Key points:
Saputo will spend $20 million on a new facility at Smithton in north-west Tasmania
The factory will manufacture cream cheese, previously done at its mothballed Maffra site
Saputo’s boss says Australia’s processing capacity is still in surplus, as the milk supply continues to slide
Saputo has announced a $20 million investment at its Smithton plant in north-west Tasmania.
That money will be spent on infrastructure for cream cheese processing, which was previously done at its mothballed Maffra facility that closed last week.
The Australian milk processing sector is considered to be substantially over capacity relative to milk supply, which could drop below 8 billion litres for the first time in three decades.
Chief executive of the Canadian company, Lino A Saputo, made the announcement to ABC Rural today while on a tour of his Australian facilities.
“Smithton is receiving some capital dollars, we’re moving some production … from our Maffra plant over to Smithton, it’s a $20 million investment that’s going to allow us to produce and develop some high-value products,” he said.
“That will mean more jobs for the plant — permanent, contracted and casual jobs.”
New jobs at Smithton but jobs lost at Maffra
Close to 80 jobs are being lost because of the closure of Maffra, along with the shut-down of a milk powder line at Leongatha and cheese packing operations at Mil-Lel in South Australia.
Mr Saputo said the biggest challenge for Australia’s milk processing sector was a long-term decline in milk supply.
“The dairy pool has been declining over the course of the past three years,” he said.
“In fact, it’s been declining since my first trip out here in 2001. Then the country was producing about 11 billion litres of milk.
“When we acquired Warrnambool Cheese and Butter I believe that number was about 9.5 billion and now we’re around 8.5 billion.
“So the milk pool is shrinking and it’s important for us to right-size our network and unfortunately the Maffra closure is one of the casualties.”
Committed to Australia
Despite the challenges, Mr Saputo said the company had a long-term commitment in Australia and had no regrets over its purchase of farmer-owned cooperative Murray Goulburn in 2018.
“We’re 100 per cent committed to Australia, and not just in the short term.
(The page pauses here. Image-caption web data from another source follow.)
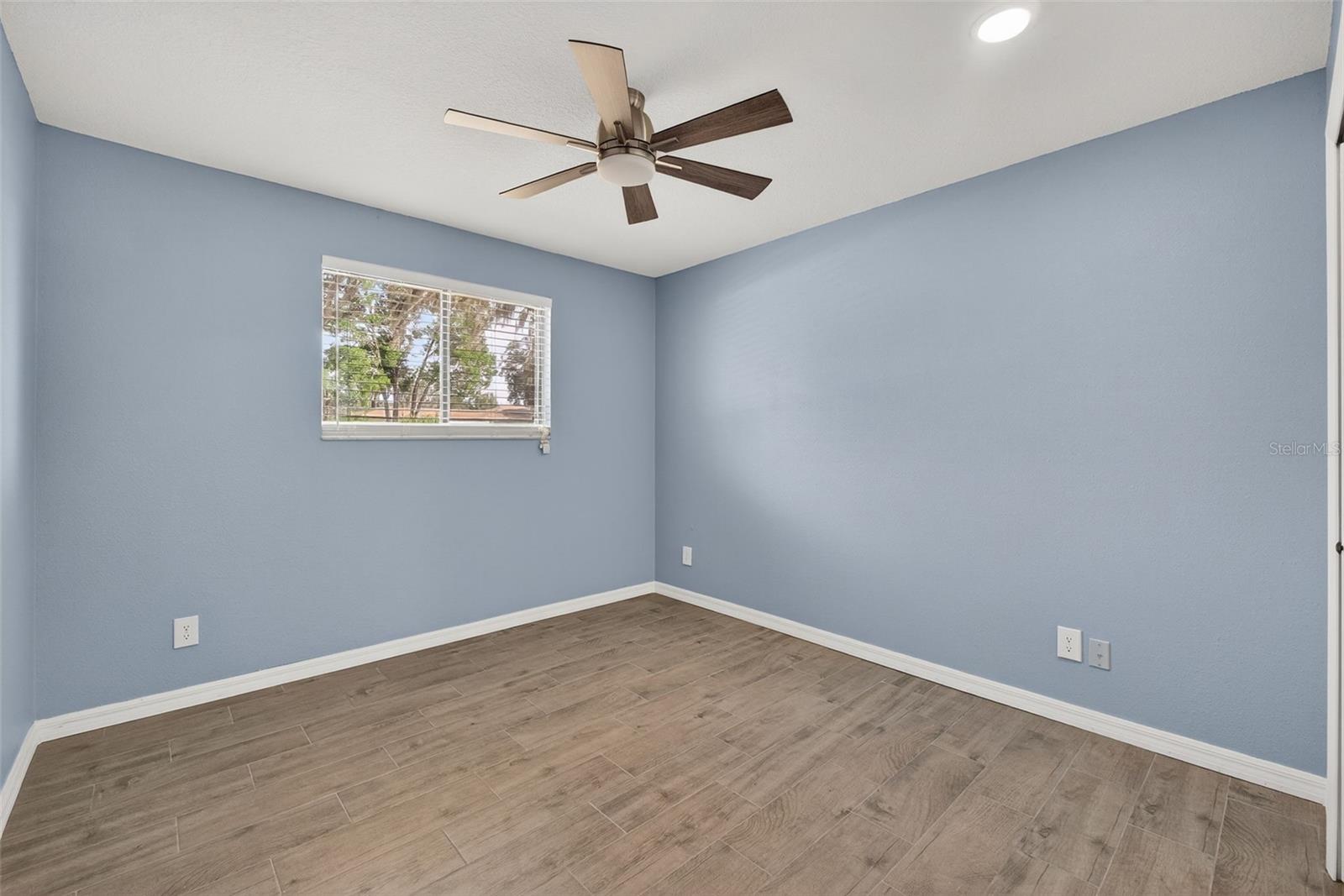 Image 48 of 80 For 7 Bay Street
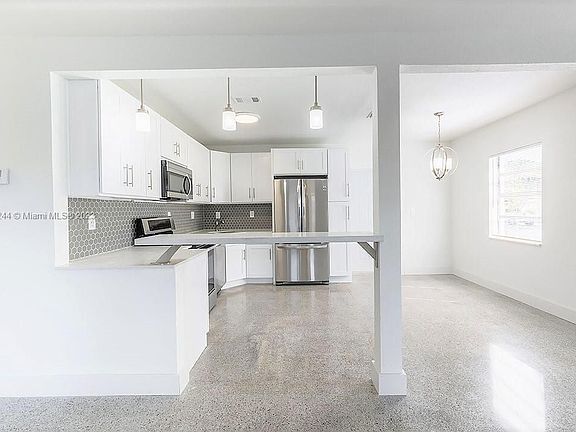 5th image of 2651 SW 12th Ter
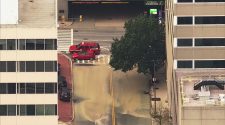 Crews Working To Repair Downtown Water Main Break; Access To Federal Courthouse Parking Ramp Restricted – CBS Baltimore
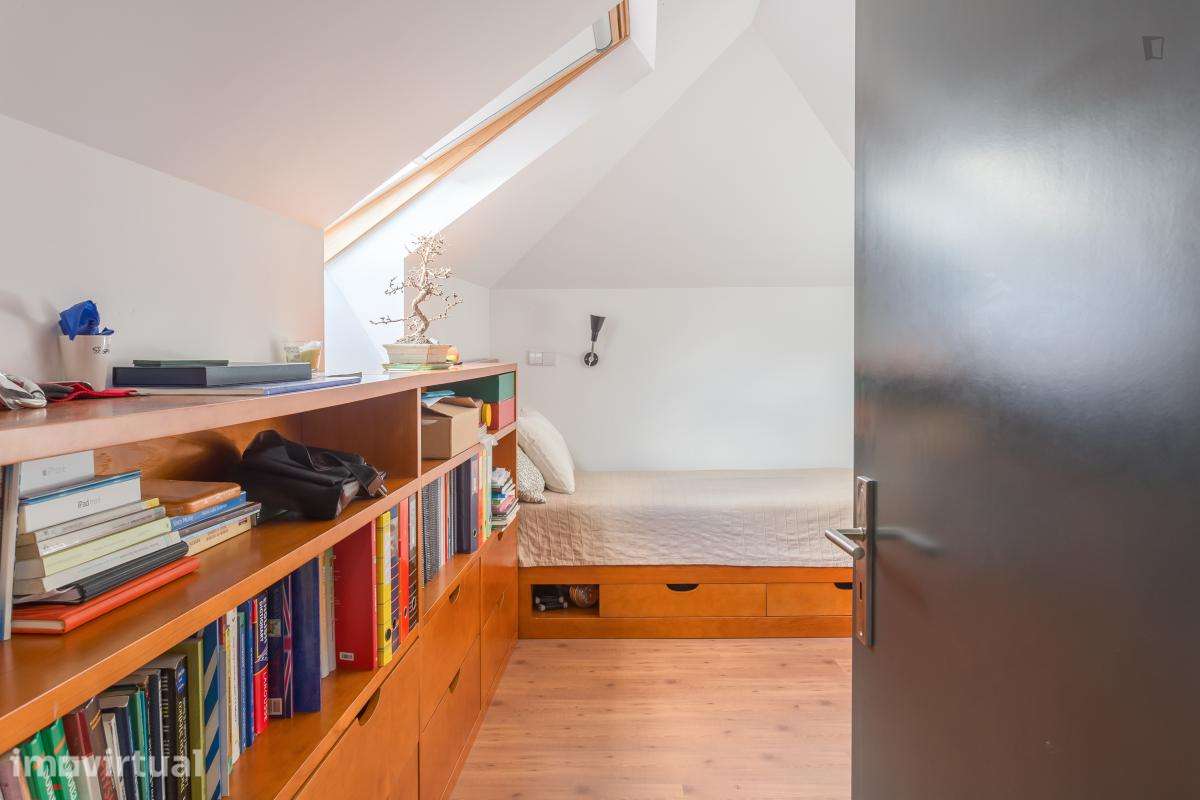Quarto - localizado em Paranhos Porto - Grande imagem: 2/29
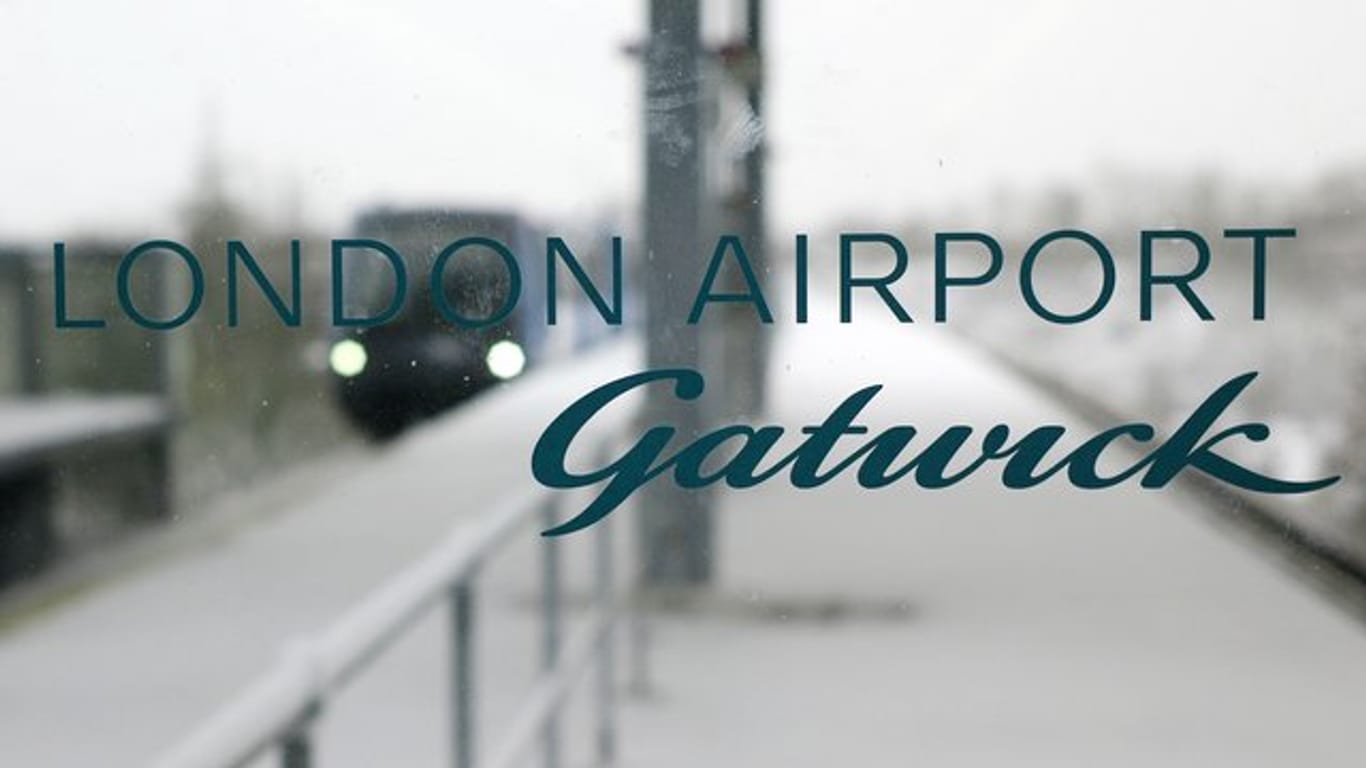 An Europas siebtgrößtem Flughafen London-Gatwick ist es zu massiven Behinderungen im Luftverkehr gekommen.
We’re committed for the long term,” he said.
“Murray Goulburn had better days in the past, but the brands we inherited, the talent, and dairy processing expertise [were invaluable].
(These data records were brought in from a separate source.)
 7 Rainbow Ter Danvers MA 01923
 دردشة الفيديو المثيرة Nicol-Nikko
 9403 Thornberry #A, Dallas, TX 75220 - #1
“We have incredible products and incredible people manufacturing them, so for us to abandon this market would be foolish.”
More closures to come
Mr Saputo said declining milk supply meant there was significant surplus milk processing capacity, and that would mean further factory closures.
“I think the Australian dairy industry has to get smarter about the way they’re processing their solids,” he said.
“There is way too much stainless steel in this industry for the amount of milk being produced.
“So yes, there will be some plant closures, but there will be heavy investments as well in other facilities to focus on higher valued categories of dairy products that we can sell domestically and around the world.”